Paid use is based on perceived utility, and donations (to me) go to a perceived need (and if there's utility on top, that's great). This app doesn't cry "I need money to do X", so I'm not sure why the author even expected donations, and "boatloads of traffic" isn't a reason that gets me to donate, really.
>This tool was created to solve my own problem.
You create a very simple tool for yourself that can do exactly one thing and expect people to pay for it? And 4500 site accesses is absolutely nothing, by the way.
The main problem here are your unrealistic expectations.
I contribute to OSS that is used by millions of people. Certainly I should be a millionaire? No, that's not how it works.
I even had a horrifying experience when someone pretended he was donating only to get me to use his cryptocrap. What a f* waste of time that was.
Probably the only ones who can make it out of donations are the best known devs in their fields like Sindre Sorhus [1]. Others, while also really well known, have gone the open-source-but-pay-for-pro route like TJ [2] and John O'Nolan [3]. Thinking you can live purely of passive donations is, at best, naive.

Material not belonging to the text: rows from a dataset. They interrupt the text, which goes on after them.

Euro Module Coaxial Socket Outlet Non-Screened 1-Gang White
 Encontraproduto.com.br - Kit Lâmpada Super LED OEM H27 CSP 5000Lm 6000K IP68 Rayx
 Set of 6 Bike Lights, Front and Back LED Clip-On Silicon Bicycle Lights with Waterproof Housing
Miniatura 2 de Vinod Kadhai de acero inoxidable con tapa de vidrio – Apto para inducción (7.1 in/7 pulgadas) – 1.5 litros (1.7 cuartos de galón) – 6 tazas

Here are the statistics of 30k users and 80k page views on my latest project that netted those $10: https://twitter.com/FPresencia/status/955782847230431232
[1] https://www.patreon.com/sindresorhus
Not getting any customers from DesignerNews is more of a problem, and probably indicates something is wrong with your call(s) to action. They're obviously not working, or your product isn't useful. Ideally you should have set it up to capture user information before launching, because then you'd be in a position to ask the people who visited why they didn't buy. It's a little late for that now.
In 5 years and tens of thousands of downloads I could count on two hands the number of people who had made a donation. Then I put the download link behind a 'pay what you want, including zero' button, and I made more in one month of that than the previous 5 years of donations.
Asking for donations is a poor way to monetize your product.
First off, that's not the right quote. It's "If you build it, HE will come." He being "Shoeless" Joe Jackson, a baseball playing ghost. And if you're basing your marketing strategy on baseball playing ghosts, you need to go back to school. Ghosts don't have any money, they can't buy your product. Baseball playing ghosts didn't even fund the REAL field of dreams, just down the road from me where they filmed the movie. The movie itself brought popularity and prosperity to the field, and since the movie was almost 30 years ago, the field is fallen on hard times.
But lastly, and this bit of insight came from my grandmother: It never amazes me when people offer something for free, and then get mad when people take them up on that offer. You did it. You chose to make it free to use. You put a tip jar out on the counter, sure, but ultimately the thing is free with no strings attached.
You'll hear from me again!
I'm glad to hear that!
And good luck, I'm one of those who love smaller projects submitted on show HN.
Not to disparage your work and your site. It looks great, and your call to action to donate is quite clear, but to me, at first glance, looks like about a half dozen other sites that I have in my bookmarks bar.
Perhaps if you differentiated your site a little more from the others, so that I could see an immediate benefit, then you might be more successful.
Here is a use case that would be an instant hit with me. We are in the process of redesigning our logo for our SaaS app, and along with the redesign/rebranding, I would like to ensure that all the design elements on our web app conform to a similar colour palette.
If I could upload my new logo to your site, and it would magically give me the Bootstrap CSS files for a few alternative colour layouts that take into consideration the Bootstrap .success, .warning, .danger etc. qualifiers, then it would be an instant $10 to $20 pinged across to you from me.
Maybe your site does that? I don't know - a cursory look didn't tell me how it could be of value to me...
Also, getting no donation from 4500 visitors is not really bad nor good. People do not donate often (because you can't donate every time someone ask for a donation).
https://pretzelhands.com/introduction-to-pretzel2018.html
Nevertheless, that type of 'tool' is too trivial for me to even think about donating. Actually, I still don't know what it is supposed to do. I mean, okay if you don't know how to read hex-colors you can use the normal dev-tools color pickers or some color picker which suggests other fitting colors, but just a tool to visualize and let you change the order of an array of color codes?!? Sounds like something you would write in jsfiddle.
Also anyone with a lick of JS experience could make this in less than an hour.
Also 4500 isn’t a lot.
You seem to be running under the assumption that all or any of those 4,500 users even have any money to give you.
The act of making it doesn't entitle you to turnover....
If you want to give something away, then do just that, give it away expecting nothing in return.
If you want to profit, then build and monetize for that.
Don't expect a middle ground between the two.